Content starts
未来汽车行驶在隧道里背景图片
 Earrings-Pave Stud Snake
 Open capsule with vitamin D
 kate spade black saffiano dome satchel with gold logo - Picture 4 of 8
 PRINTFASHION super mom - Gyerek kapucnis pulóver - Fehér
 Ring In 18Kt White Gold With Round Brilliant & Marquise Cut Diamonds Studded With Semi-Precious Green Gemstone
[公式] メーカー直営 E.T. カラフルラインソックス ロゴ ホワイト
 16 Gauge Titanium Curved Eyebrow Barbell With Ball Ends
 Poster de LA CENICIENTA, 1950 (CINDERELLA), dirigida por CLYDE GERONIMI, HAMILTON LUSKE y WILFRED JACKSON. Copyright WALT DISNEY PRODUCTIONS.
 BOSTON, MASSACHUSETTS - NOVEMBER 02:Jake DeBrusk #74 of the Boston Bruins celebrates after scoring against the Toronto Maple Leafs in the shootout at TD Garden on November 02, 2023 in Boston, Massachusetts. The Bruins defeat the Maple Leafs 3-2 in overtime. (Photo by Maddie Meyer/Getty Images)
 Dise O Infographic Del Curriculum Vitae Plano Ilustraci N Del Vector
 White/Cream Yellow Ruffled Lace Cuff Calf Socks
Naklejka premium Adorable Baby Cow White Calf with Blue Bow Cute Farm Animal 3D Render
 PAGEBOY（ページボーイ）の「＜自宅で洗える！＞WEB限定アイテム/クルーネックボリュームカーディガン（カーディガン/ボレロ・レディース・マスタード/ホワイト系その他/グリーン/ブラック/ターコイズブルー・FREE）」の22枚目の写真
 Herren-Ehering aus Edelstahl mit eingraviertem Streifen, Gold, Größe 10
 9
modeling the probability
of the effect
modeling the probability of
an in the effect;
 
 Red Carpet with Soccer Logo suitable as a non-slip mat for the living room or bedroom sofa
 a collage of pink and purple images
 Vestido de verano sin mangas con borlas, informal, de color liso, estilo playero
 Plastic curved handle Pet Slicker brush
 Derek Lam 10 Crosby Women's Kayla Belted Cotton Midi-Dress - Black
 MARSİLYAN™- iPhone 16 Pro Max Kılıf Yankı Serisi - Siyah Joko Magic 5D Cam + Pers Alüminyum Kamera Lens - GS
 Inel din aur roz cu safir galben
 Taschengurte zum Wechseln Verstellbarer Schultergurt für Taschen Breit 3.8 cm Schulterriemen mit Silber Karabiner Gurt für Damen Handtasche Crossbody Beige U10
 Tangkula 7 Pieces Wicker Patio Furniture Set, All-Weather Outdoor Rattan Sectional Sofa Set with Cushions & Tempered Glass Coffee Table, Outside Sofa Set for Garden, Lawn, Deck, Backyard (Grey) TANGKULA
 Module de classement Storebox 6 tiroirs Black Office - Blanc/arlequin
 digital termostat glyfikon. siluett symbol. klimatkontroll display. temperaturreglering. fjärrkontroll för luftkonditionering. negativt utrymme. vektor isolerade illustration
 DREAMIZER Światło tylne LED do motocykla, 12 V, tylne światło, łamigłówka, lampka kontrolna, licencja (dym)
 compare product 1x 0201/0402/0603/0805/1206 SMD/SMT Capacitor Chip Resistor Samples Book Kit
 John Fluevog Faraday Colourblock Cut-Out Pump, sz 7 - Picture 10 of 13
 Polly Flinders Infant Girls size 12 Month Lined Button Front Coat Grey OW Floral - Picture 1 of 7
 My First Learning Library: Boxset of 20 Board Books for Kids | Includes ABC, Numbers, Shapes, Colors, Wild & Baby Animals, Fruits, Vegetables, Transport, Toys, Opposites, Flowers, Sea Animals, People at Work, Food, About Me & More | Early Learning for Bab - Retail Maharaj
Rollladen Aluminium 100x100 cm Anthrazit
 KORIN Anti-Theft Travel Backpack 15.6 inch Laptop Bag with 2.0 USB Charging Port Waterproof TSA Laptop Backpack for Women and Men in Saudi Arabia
Content ends
Activity:
The reply should consist solely of the lines above from the one that has "White/Cream Yellow Ruffled" through the one that has "Red Carpet with", reproduced exactly.

Response below:
 White/Cream Yellow Ruffled Lace Cuff Calf Socks
Naklejka premium Adorable Baby Cow White Calf with Blue Bow Cute Farm Animal 3D Render
 PAGEBOY（ページボーイ）の「＜自宅で洗える！＞WEB限定アイテム/クルーネックボリュームカーディガン（カーディガン/ボレロ・レディース・マスタード/ホワイト系その他/グリーン/ブラック/ターコイズブルー・FREE）」の22枚目の写真
 Herren-Ehering aus Edelstahl mit eingraviertem Streifen, Gold, Größe 10
 9
modeling the probability
of the effect
modeling the probability of
an in the effect;
 
 Red Carpet with Soccer Logo suitable as a non-slip mat for the living room or bedroom sofa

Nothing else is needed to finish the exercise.